Task prompt: Reproduce the material that follows, please, but only from its first line to the line containing "Item preview, Lady", inclusive.

Dataset excerpts:
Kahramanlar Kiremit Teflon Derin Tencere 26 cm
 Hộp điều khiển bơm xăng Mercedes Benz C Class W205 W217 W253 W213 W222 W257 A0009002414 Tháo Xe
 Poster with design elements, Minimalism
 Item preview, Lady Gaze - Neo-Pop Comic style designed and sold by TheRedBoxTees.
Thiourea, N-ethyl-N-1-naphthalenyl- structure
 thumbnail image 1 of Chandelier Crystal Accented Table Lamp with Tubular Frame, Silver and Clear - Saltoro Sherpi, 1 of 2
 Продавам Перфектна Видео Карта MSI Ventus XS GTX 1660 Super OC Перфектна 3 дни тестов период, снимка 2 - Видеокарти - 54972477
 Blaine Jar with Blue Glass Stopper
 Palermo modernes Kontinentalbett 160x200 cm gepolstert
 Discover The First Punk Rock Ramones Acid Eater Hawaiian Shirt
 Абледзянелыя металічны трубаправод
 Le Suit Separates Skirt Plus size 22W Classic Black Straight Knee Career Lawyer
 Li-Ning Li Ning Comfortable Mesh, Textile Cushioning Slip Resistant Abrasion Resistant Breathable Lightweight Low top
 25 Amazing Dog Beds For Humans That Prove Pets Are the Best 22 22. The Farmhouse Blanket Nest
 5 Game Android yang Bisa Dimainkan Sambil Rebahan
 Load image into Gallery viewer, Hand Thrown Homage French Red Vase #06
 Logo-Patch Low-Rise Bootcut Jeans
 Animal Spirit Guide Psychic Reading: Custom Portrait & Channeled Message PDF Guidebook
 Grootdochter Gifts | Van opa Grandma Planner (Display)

Response:
Kahramanlar Kiremit Teflon Derin Tencere 26 cm
 Hộp điều khiển bơm xăng Mercedes Benz C Class W205 W217 W253 W213 W222 W257 A0009002414 Tháo Xe
 Poster with design elements, Minimalism
 Item preview, Lady Gaze - Neo-Pop Comic style designed and sold by TheRedBoxTees.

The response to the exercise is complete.